2018 Global Outlook
posted by Nikolai Tagarov on December 21, 2017 - 12:00am
Russia will continue to flex its military muscle, in the Middle East and elsewhere. However, its military resurgence will come at the cost of further economic decline, and therefore due to increasing unpopularity of the ruling elite the Russian state will continue with its repressive policies domestically in order to stymie dissent. It is likely Putin will win the 2018 presidential elections. Ironically, we will continue to observe the (re-)building of the pre-Communist era Russian Empire, with all the sociological, ideological, political and economic implications that this brings. Paradoxically, Putin will continue to act like a Tsar with no apparent heirs who also needs to go through the motions of getting reelected every six years. The question is how long this can be sustained; my answer is: at least through 2018.

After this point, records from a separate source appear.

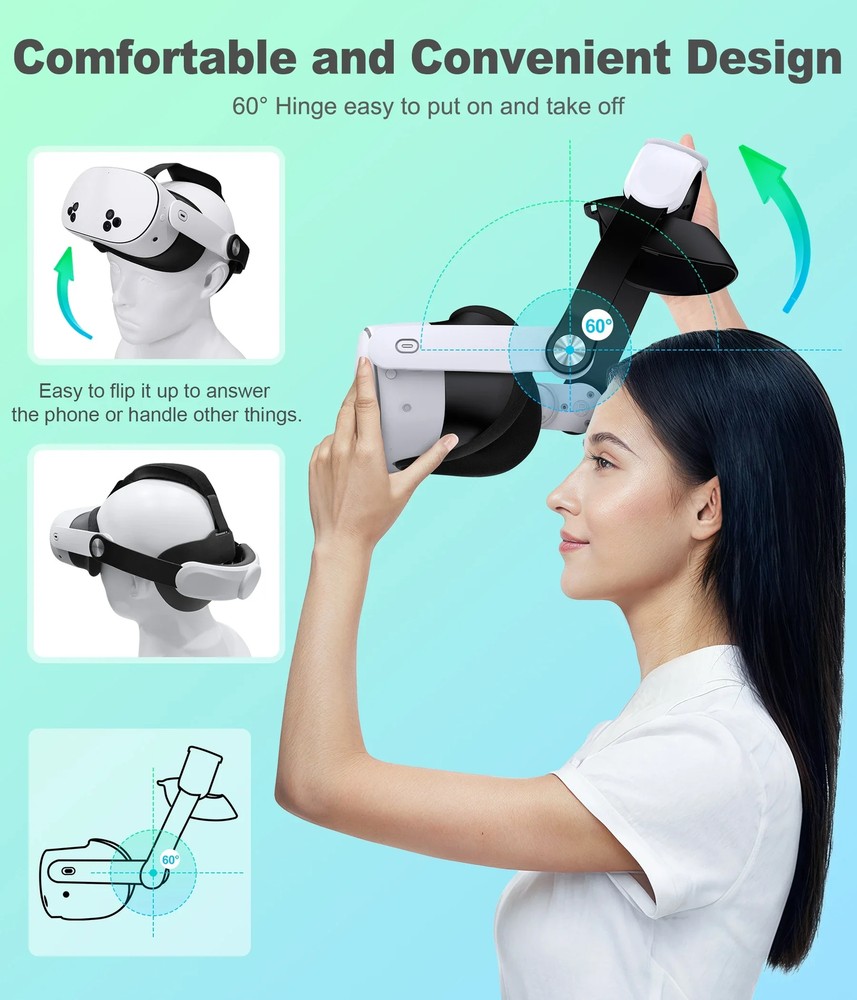 Adjustable Head Strap for Meta Quest 3s/3/2 Headstrap for VR Headset Accessories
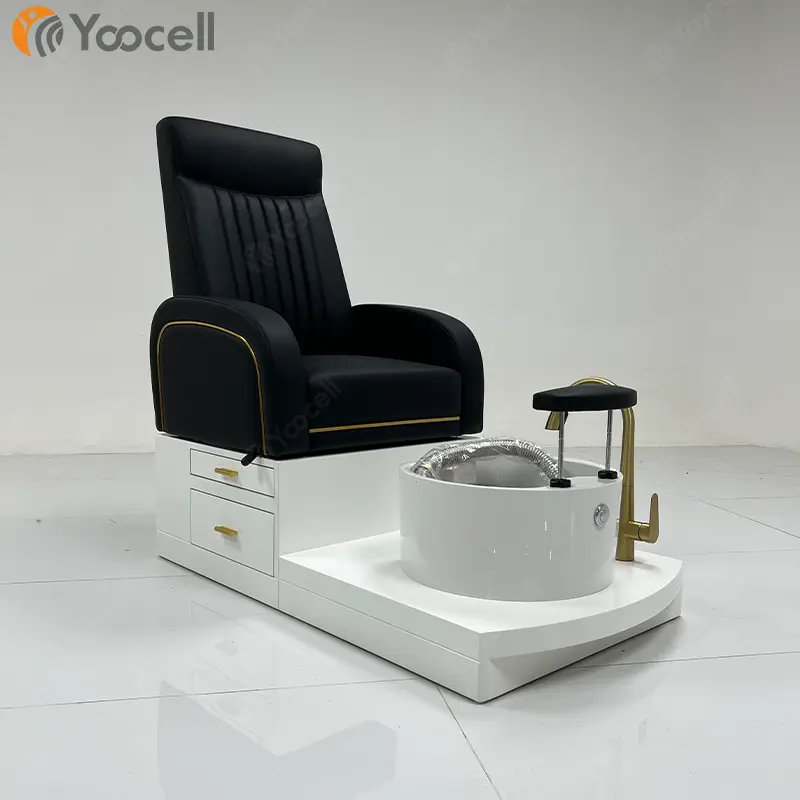 Yoocell เก้าอี้สำหรับร้านทำเล็บเท้าเก้าอี้นวดเท้าแบบพกพาไม่มีท่อเฟอร์นิเจอร์สำหรับร้านทำเล็บ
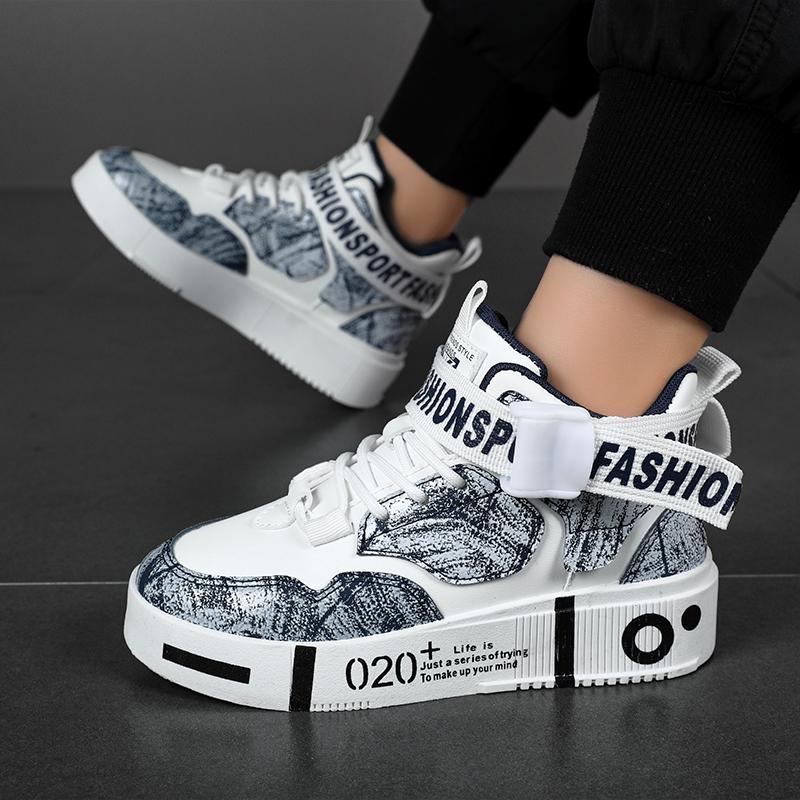 Children's Running Shoes Outdoor Leather Surface Fashionable Shoes Casual High Top Comfortable Board Shoes for Kids 0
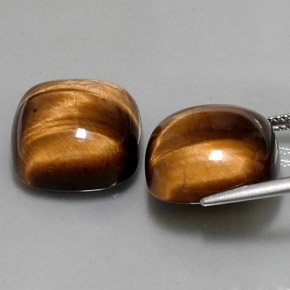 캐럿 천연 골드 브라운 Tiger's Eye 보석, 쿠션 컷, 15.1×15.1 mm, 불투명체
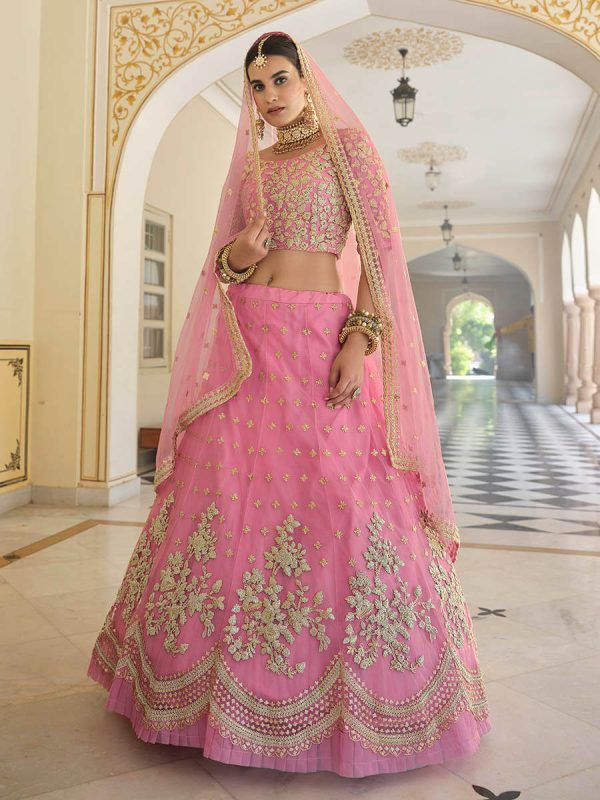 Myra Baby Pink Net Embroidered Lehenga For Sale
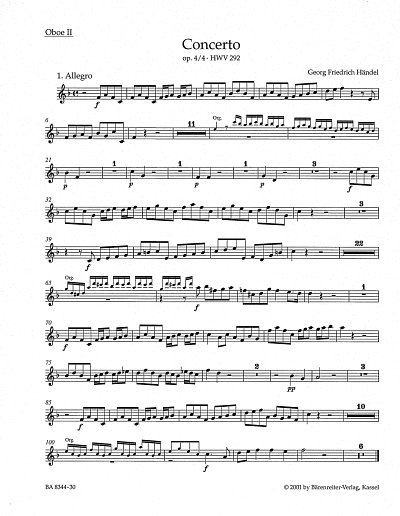 G.F. Händel: Konzert F-Dur op. 4/4 HWV 292, OrgmOrch (Ob2)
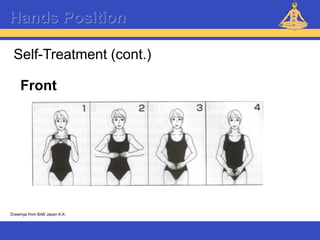 Reiki – Level 1
Hands Position
Self-Treatment (cont.)
Front
Drawings from BAB Japan K.K.
 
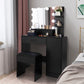 Smuxee Modern Drawer Vanity Set with Mirror and LED Lights,Makeup Dresser Table with 3 Shelves
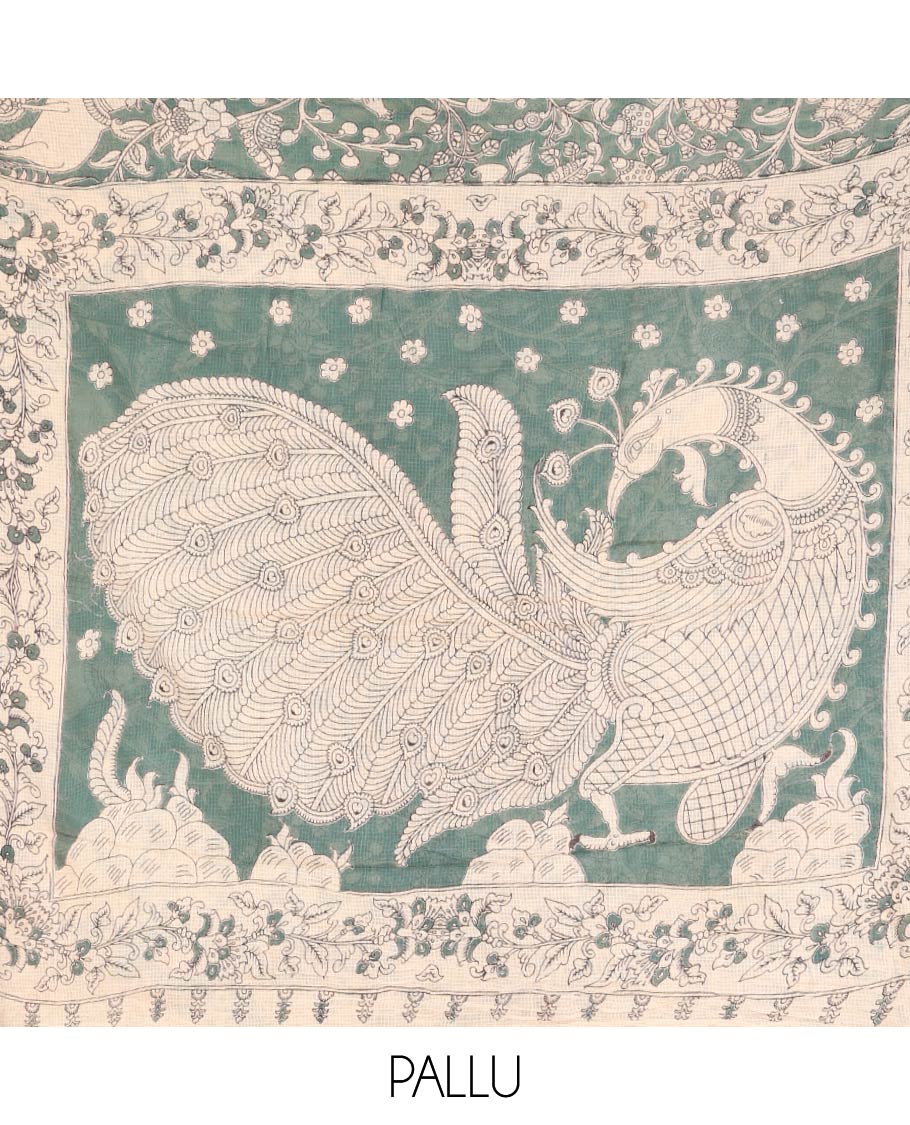 Grey Machine-Printed Kalamkari Cotton Saree Features Floral, and Fauna Motifs, a Piping Border, Pallu of Peacock, and a Matching Blouse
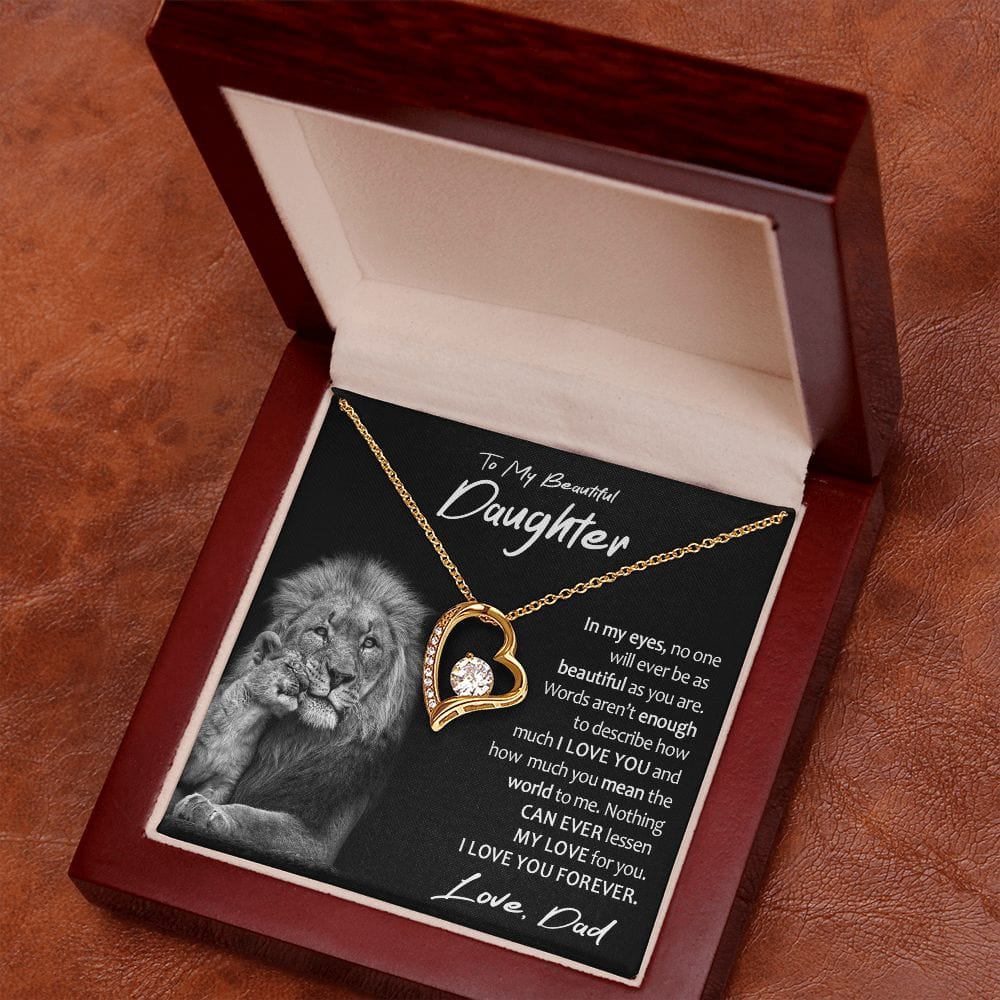 To My Daughter Gift Necklace with Loving Message Card from Dad, Forever Love Pendant Necklace for Daughter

UK will proceed with Brexit despite dwindling (in fact now minority) support for leaving the EU. The UK government will not call for a second referendum due to the possible backlash against the idea from hardcore Brexit supporters. In essence, however, it is likely that given the receding tide of nationalism throughout Europe the UK will reach wide-ranging agreements with the EU which will mean changes in the status quo will not be drastic, while UK will be less constrained by Brussels to act unilaterally to develop stronger ties particularly with China but also with the US. The lower threat from immigrants will mean that the divide between new (and conservative) Member States such as Poland, Hungary, etc, and "Old Europe" will be less pronounced. The EU will likely see moderate economic growth in 2018.
While ISIS will be fully driven out of the region, Syria will continue to be unstable and fragmented. The biggest threat to the unity of the state in 2018 will likely come not from ISIS but from the prospect of establishing an autonomous Kurdistan province - a prospect dreaded by both Turkey and Iraq where so far the aspirations for an independent Kurdistan have been quashed. Yet the central government of Syria will probably grant significant concessions to Syrian Kurds as it has no way to exercise effective control over Kurdish territories after being weakened by years of civil war.
Instability focal points in this volatile regions will nevertheless shift from Syria to Lebanon and Saudi Arabia. The young Saudi leader will continue efforts to reduce Iran's influence in the region and reform the country domestically, yet his relative inexperience and crackdowns against powerful domestic opponents will weaken his ability to reach his goals. The (military) resurgence of Russia and (economic) interests of China in the region will act as stabilizing forces which will likely prevent serious conflicts.
China's economy will continue to grow in 2017, however at a slower pace. Many of the difficult reforms that are badly needed were postponed to 2018 due to the 19th CPC Congress. Monetary policy will tighten and companies will need to deleverage. Investments abroad will slow down a bit and focus on more strategic sectors that support geopolitically motivated initiatives like One Belt One Road. Real estate prices in major cities will stabilize or even decline as mortgage credit will remain tight as well.
Given Trump's low approval ratings and the ongoing investigation into the Trump campaign's Russia ties, it is difficult to predict whether the Trump administration will be successful in pursuing its stated goals. Regardless of the outcome however, in 2018 the US will continue down the path of relative withdrawal from the world scene, focusing in on itself. In order to try to get reelected in two years' time, in 2018 Trump will be forced to (appear to) act tougher vis-a-vis China and will pursue economic nationalist policies. On the other hand, the Trump administration will likely start implementing large manufacturing and infrastructure investment projects with Chinese funding, eg via the new CIC-Goldman fund.